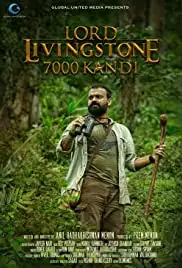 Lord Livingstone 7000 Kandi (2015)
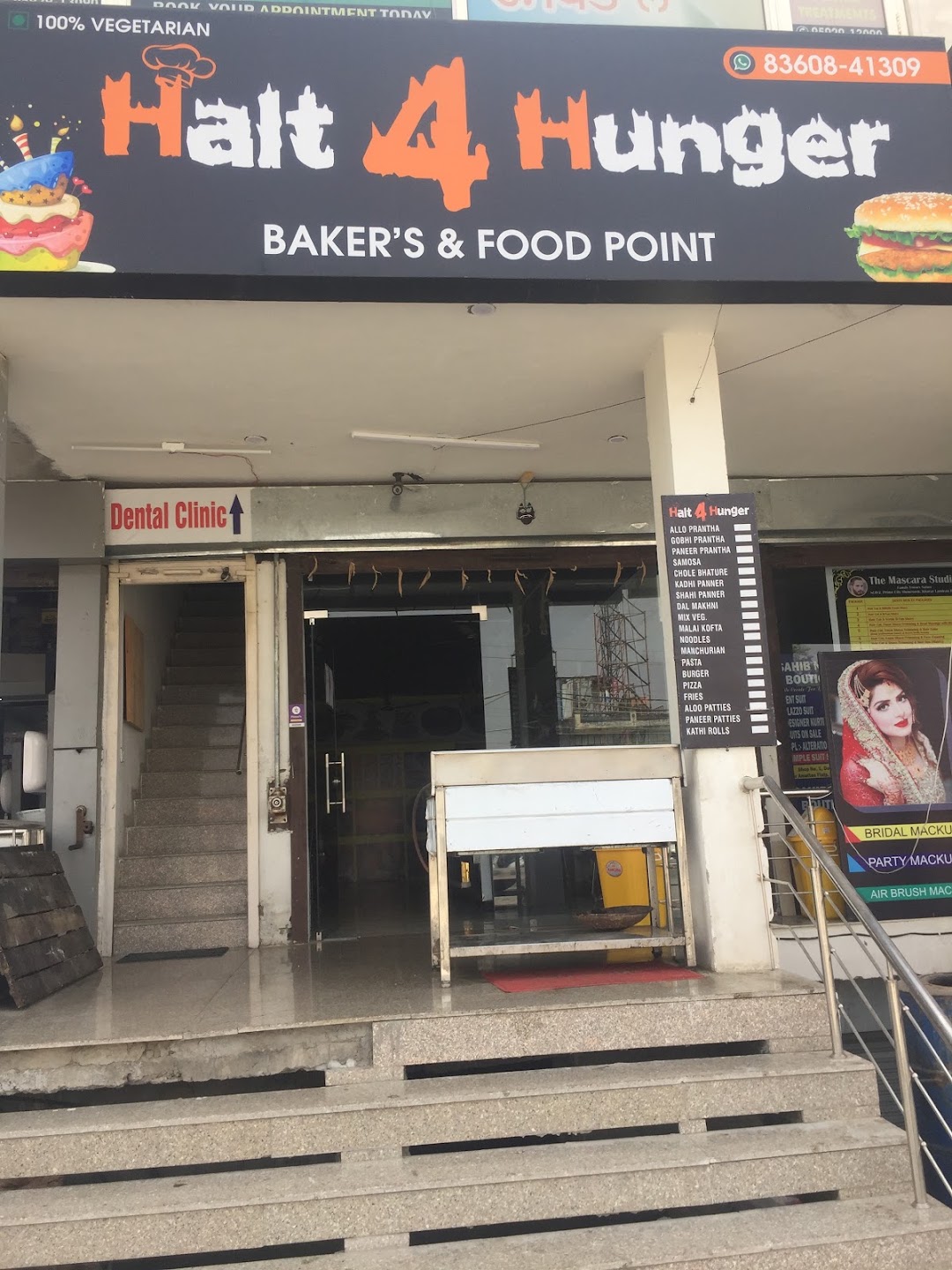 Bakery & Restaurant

^^^^^^^^

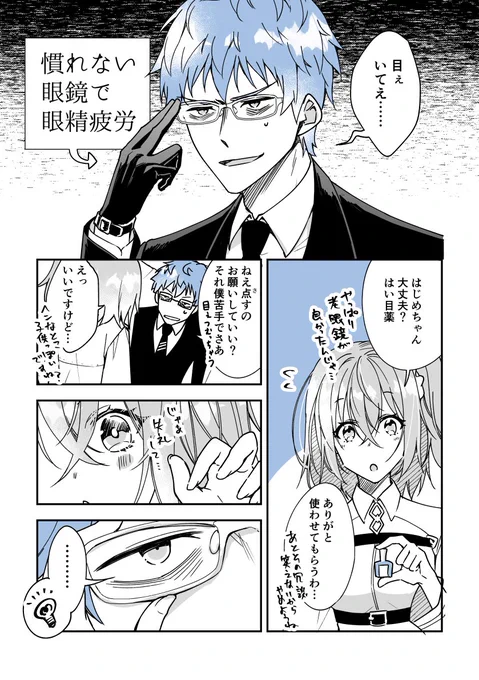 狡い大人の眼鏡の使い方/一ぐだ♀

^^^^^^^^

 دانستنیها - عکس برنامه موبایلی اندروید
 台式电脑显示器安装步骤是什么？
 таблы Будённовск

^^^^^^^^

■ **Task objective**: Copy word for word the lines above, starting at the line containing "Lord Livingstone 7000 Kandi (2015)" and ending at the line containing "Bakery & Restaurant", inclusive, with no pictures.

■ **Response area**:
 Lord Livingstone 7000 Kandi (2015)
 Bakery & Restaurant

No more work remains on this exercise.